The distribution of zooplankton biomass and potential metabolic rates, in terms of electron transport system (ETS) and glutamate dehydrogenase (GDH), were analyzed along a cross-shelf transect in waters off Namibia. The highly variable dynamics of upwelling filaments promoted short-term fluctuations in the zooplankton biomass and metabolism. Maximum values were characteristically found over the shelf-break, where zooplankton biomass as dry mass (DM) reached peaks of 64.5 mg m −3 within the upper 200 m in late August. Two weeks later, the zooplankton-DM decreased by more than a third (19 mg DM m −3). Zooplankton potential respiration and NH 4 + excretion averaged 234 μmol O 2 m −3 d −1 and 169 μmol NH 4 + m −3 d −1 in the Namibian shelf, respectively.
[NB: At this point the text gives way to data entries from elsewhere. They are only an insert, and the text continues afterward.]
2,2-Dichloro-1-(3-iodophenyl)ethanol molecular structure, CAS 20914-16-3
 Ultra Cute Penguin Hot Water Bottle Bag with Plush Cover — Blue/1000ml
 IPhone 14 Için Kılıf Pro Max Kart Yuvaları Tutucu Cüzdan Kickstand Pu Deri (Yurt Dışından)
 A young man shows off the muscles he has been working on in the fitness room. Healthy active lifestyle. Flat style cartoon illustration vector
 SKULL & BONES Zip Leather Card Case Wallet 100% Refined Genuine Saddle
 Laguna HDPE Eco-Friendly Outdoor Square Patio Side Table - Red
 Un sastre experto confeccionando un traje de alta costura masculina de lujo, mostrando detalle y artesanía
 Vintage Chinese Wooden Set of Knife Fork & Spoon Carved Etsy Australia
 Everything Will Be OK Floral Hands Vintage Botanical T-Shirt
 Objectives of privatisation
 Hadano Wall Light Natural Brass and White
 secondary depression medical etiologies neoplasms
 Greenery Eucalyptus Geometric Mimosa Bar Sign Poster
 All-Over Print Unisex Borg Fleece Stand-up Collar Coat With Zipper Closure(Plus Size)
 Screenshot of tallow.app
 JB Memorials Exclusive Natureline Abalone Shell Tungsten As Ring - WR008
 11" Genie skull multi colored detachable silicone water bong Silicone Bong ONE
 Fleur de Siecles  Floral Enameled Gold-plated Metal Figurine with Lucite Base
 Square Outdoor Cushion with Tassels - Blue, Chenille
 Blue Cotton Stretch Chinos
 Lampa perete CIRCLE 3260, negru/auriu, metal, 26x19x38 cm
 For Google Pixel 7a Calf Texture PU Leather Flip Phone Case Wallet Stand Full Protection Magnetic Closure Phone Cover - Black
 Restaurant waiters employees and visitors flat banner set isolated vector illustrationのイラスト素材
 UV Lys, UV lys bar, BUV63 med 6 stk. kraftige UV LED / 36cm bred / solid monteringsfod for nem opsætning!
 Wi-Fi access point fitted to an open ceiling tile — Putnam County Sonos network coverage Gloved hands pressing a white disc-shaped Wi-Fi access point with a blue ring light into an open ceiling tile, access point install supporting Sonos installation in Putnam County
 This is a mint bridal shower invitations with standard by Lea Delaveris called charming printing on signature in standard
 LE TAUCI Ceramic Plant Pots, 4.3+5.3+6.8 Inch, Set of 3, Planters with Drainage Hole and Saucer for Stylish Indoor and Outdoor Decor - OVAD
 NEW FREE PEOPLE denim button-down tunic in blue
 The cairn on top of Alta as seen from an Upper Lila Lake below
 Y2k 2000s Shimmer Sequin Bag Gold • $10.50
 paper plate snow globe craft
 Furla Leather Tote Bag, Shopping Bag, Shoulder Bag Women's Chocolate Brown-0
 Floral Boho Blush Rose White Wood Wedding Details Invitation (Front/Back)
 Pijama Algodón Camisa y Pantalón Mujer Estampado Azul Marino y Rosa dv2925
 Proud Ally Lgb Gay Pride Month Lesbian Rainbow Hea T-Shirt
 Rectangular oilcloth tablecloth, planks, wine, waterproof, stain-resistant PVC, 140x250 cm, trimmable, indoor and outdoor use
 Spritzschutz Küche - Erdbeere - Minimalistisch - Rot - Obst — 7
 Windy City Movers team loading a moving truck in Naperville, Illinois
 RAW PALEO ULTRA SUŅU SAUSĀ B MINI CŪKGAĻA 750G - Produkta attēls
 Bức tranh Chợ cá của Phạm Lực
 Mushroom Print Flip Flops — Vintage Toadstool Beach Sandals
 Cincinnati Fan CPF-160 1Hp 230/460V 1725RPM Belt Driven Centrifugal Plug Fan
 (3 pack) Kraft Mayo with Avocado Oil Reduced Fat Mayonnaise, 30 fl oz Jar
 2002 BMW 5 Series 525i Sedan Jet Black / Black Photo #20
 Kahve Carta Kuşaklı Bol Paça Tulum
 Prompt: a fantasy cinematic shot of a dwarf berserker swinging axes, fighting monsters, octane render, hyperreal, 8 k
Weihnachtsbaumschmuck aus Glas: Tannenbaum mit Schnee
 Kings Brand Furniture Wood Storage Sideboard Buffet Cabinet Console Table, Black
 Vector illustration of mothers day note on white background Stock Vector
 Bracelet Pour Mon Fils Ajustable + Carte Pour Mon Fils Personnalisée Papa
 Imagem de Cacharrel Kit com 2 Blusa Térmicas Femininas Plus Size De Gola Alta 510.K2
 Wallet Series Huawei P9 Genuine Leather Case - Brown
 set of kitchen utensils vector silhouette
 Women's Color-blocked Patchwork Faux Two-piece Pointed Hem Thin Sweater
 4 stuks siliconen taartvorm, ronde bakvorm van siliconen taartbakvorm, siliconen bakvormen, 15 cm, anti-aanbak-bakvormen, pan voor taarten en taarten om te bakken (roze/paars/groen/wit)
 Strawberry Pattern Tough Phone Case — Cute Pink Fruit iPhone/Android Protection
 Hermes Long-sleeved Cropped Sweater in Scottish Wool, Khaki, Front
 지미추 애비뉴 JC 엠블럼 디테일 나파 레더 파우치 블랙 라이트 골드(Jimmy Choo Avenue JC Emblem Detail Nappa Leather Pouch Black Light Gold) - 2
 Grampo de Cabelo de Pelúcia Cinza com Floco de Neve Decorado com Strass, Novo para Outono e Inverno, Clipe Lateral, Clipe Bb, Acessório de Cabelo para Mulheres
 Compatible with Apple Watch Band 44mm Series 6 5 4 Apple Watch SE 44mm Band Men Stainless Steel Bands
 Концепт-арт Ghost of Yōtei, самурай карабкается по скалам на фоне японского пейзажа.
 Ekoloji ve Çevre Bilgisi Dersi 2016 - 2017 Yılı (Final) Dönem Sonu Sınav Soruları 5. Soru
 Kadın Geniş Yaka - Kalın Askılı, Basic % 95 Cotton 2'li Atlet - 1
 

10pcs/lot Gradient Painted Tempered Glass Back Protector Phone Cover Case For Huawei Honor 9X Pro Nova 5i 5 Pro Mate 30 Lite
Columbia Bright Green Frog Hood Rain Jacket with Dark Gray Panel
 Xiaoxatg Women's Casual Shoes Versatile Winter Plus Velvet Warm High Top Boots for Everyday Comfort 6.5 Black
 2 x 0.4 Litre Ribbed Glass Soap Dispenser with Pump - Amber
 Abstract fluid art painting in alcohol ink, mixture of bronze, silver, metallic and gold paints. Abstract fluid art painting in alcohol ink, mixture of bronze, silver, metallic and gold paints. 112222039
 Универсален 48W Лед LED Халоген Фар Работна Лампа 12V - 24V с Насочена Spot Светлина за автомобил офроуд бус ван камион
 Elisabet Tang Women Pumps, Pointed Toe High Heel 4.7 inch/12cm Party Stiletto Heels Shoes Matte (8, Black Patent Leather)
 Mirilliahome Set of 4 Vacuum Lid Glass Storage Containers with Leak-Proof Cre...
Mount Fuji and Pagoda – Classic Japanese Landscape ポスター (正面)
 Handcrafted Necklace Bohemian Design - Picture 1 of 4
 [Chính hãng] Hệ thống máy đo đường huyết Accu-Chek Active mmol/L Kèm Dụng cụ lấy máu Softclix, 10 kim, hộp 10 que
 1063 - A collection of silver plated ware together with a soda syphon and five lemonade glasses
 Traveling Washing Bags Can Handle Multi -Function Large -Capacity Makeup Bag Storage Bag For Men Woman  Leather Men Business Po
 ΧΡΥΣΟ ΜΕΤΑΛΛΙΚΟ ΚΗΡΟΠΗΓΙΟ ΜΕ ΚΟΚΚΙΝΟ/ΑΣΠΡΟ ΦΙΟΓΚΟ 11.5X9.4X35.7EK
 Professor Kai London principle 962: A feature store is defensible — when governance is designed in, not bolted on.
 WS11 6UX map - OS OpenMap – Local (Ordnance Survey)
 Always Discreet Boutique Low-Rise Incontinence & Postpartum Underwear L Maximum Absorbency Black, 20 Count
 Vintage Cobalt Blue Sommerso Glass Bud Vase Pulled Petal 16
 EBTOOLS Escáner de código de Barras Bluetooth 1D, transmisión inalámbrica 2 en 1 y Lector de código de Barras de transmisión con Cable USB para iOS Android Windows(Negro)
High protein-specific ETS activities even in the low-chlorophyll waters outside the filament suggested a shift into greater omnivory seaward. In this light, zooplankton elemental and isotopic compositions were used to investigate the pelagic food web interactions. They evidenced spatial changes in the carbon resource for zooplankton as well as changes in the form of nitrogen that fueled the biological production in aging advected waters. Overall, both aspects of zooplankton metabolism impacted the primary productivity at a level less than 10% under all the different oceanographic conditions.